OIG Uses Data As 'Starting Point,' But Weighs Other Factors in Cases

Through the use of data mining, it came to the attention of the HHS Office of Inspector General (OIG) that a Florida cardiologist billed HCPCS code G0248 (demonstration of the use of home INR monitoring) multiple times for the same Medicare patients on anti-coagulants when he allegedly should have billed G0250 (physician INR test review interpretation management). The cardiologist, Chika E. Okereke, eventually switched to the correct code, but a year and a half later, he hadn’t repaid Medicare for the reimbursement difference between the two codes, OIG Senior Counsel Geoffrey Hymans said.

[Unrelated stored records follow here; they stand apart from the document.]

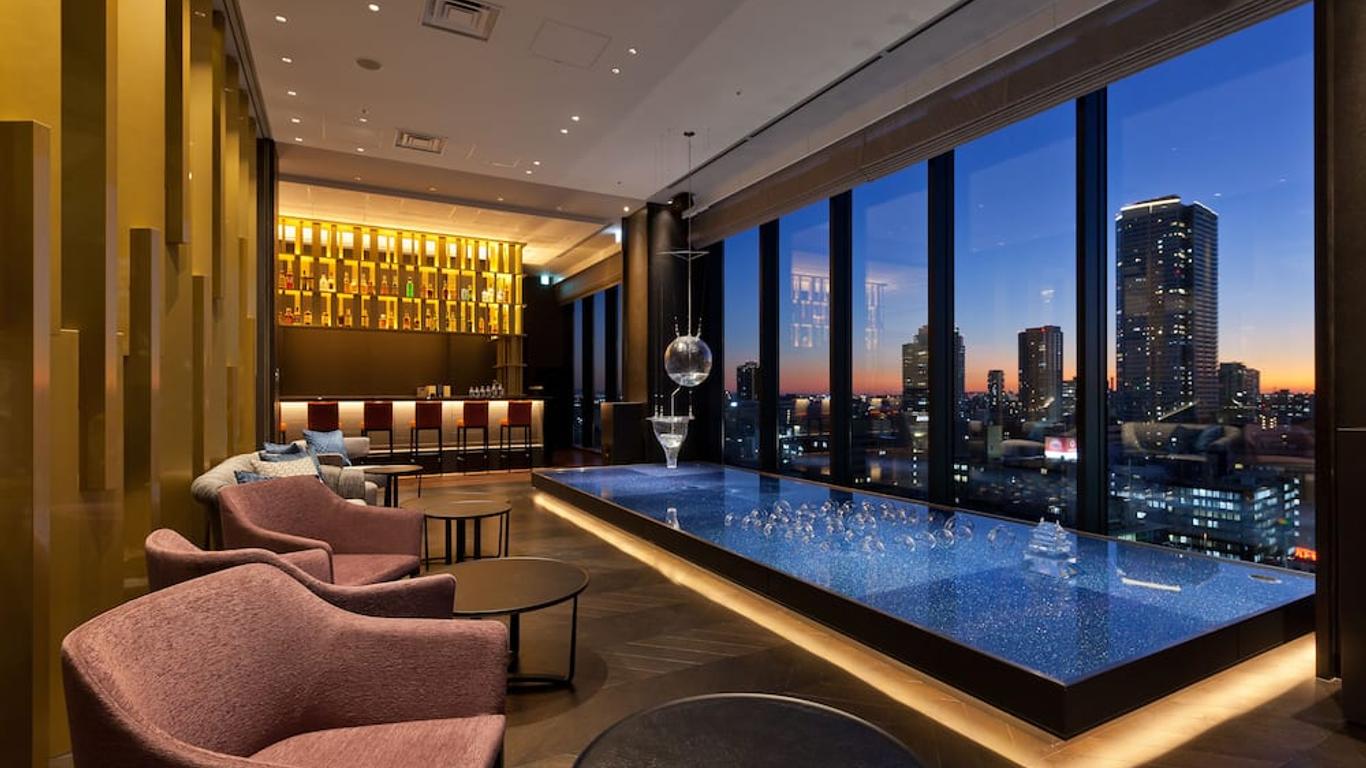 Osaka Excel Hotel Tokyu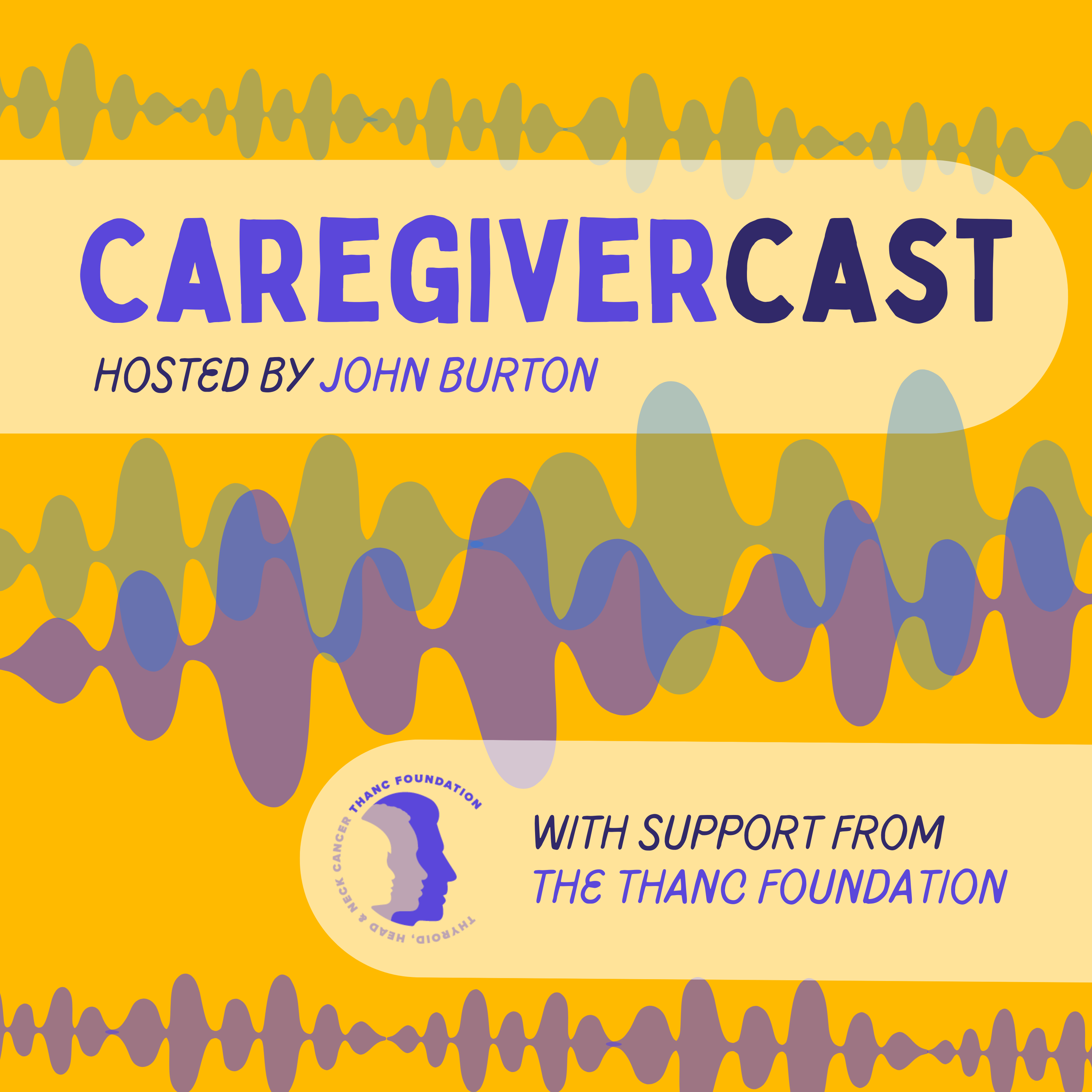 The CareGiverCast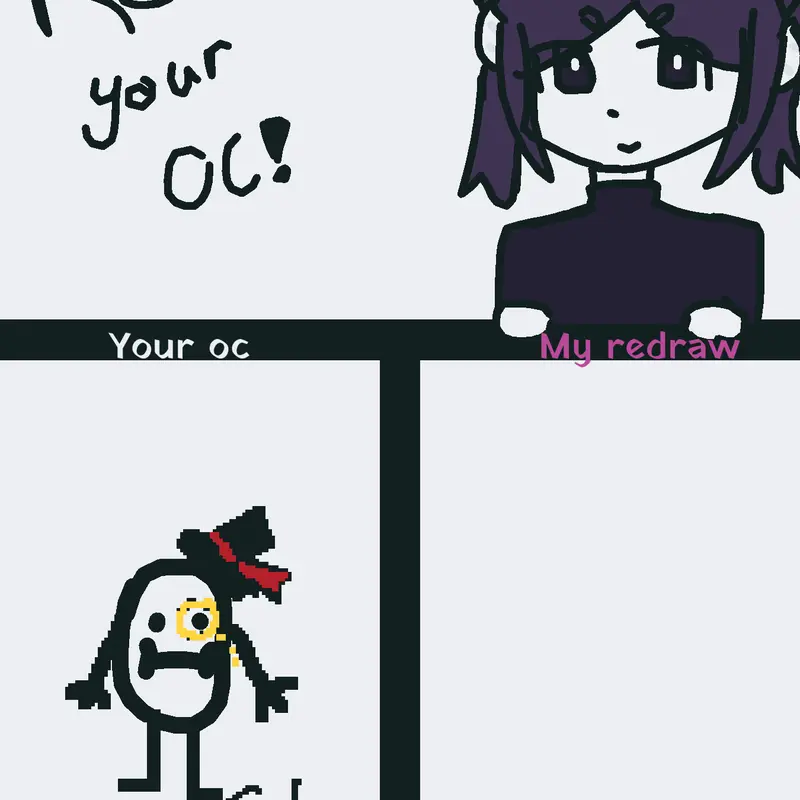 Game by @Itwasafairy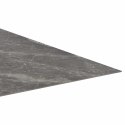 VidaXL Samoprzylepne Deski Podłogowe 30,5 x 30,5 cm 20 pcs PVC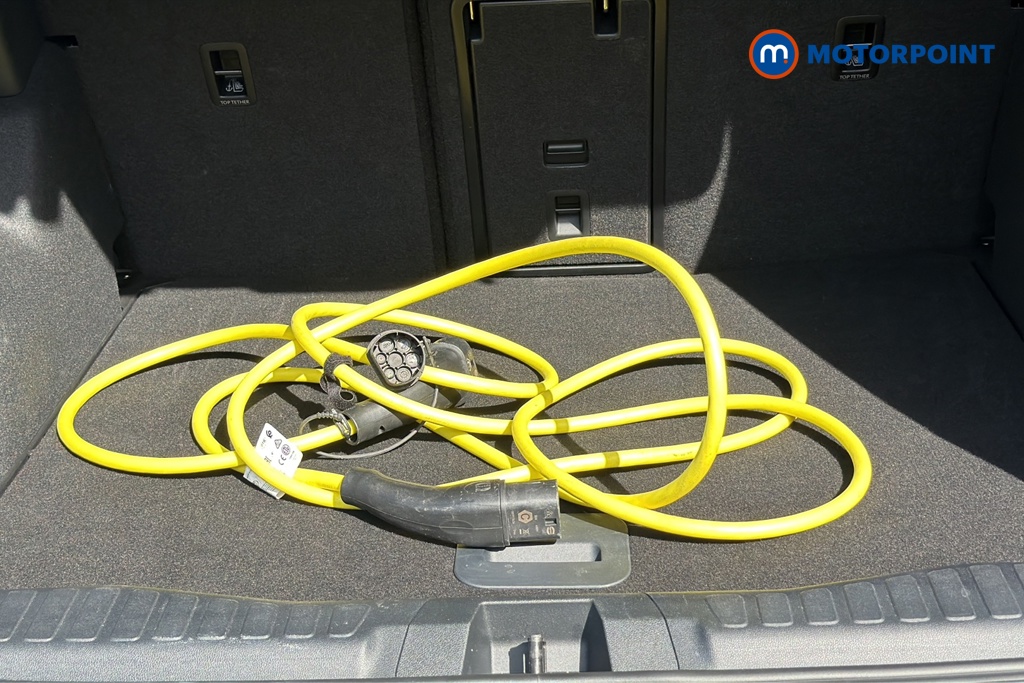 Ford Explorer Select Automatic Electric SUV - Stock Number (1643685) - 34th supplementary image
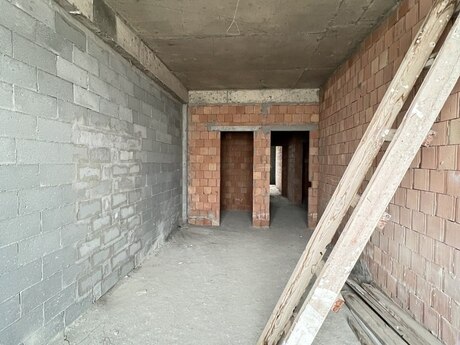 3-room apartment, 174 m², Renessans Palace: 580 000 ₼ 5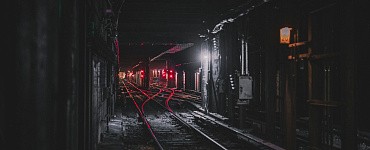 Системы обеспечения движения поездов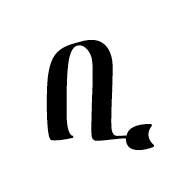 Ethiopic Syllable Ni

When approached by OIG about the problem, Okereke’s attorney responded that “his client made an honest mistake, and we couldn’t prove scienter” (knowledge) and therefore had no grounds for a civil monetary penalty (CMP) case, Hymans recalled during a presentation Nov. 16 at the Health Care Compliance Association’s virtual Healthcare Enforcement Compliance Conference.[1] “We thought about that, but there’s more than one way to skin a cat,” he said. Maybe OIG couldn’t make a CMP case against Okereke for billing the wrong code, “but from the point in time he switched the billing, he should have returned the overpayments,” Hymans said. There’s a CMP for failure to pay back Medicare. Okereke and his practice, Cardiovascular Partners P.A., entered into a CMP settlement with OIG for $139,383.